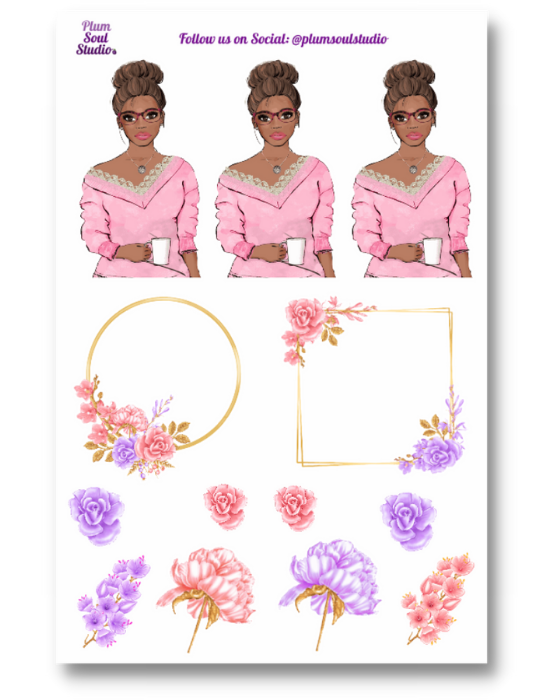Mandy with Flowers Sticker Sheet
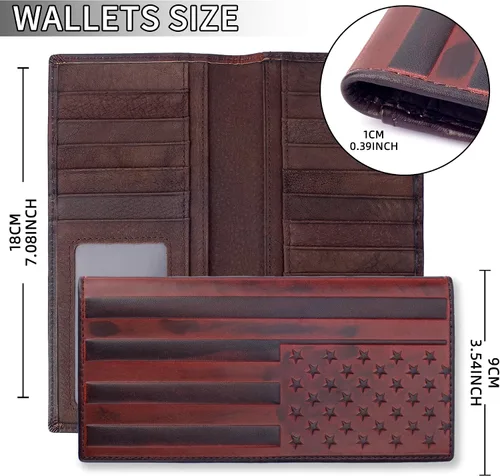 Vista 6 de Billeteras occidentales para hombres, cartera de chequera Rodeo para vaqueros, billetera larga plegable para hombre, tarjetero con bloqueo RFID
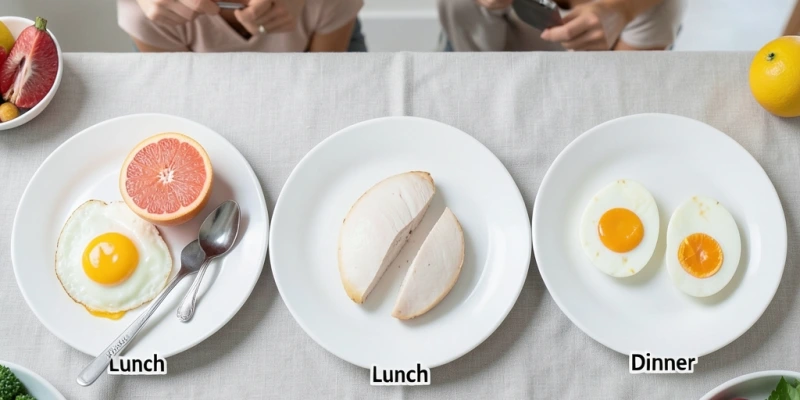 Typischer Tagesverzehr der Eier-Diät: morgens 2 Eier mit halber Grapefruit, mittags Hühnerbrust ohne Beilage, abends 2 Eier – visuell dargestellt als drei Teller nebeneinander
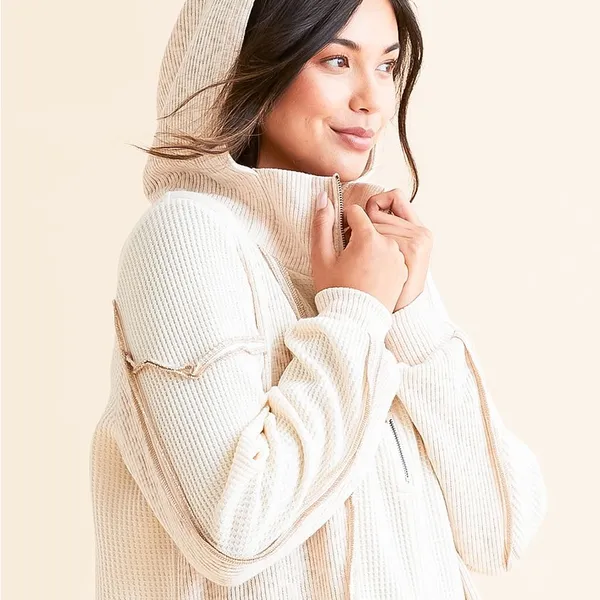 BKE Women’s Waffle Knit Quarter Zip Hoodie Small Cream Hooded Pullover - Image 14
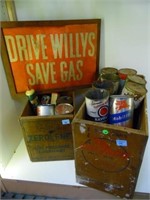 SHELF LOT OF COLLECTIBLE VINTAGE SIGNS, CRATES & O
------------------------------------------------
## What is needed
From the line with "BKE Women’s Waffle" down to the end of the entries, retype each line exactly as written, but drop the pictures.

## Answer section
 BKE Women’s Waffle Knit Quarter Zip Hoodie Small Cream Hooded Pullover - Image 14
 SHELF LOT OF COLLECTIBLE VINTAGE SIGNS, CRATES & O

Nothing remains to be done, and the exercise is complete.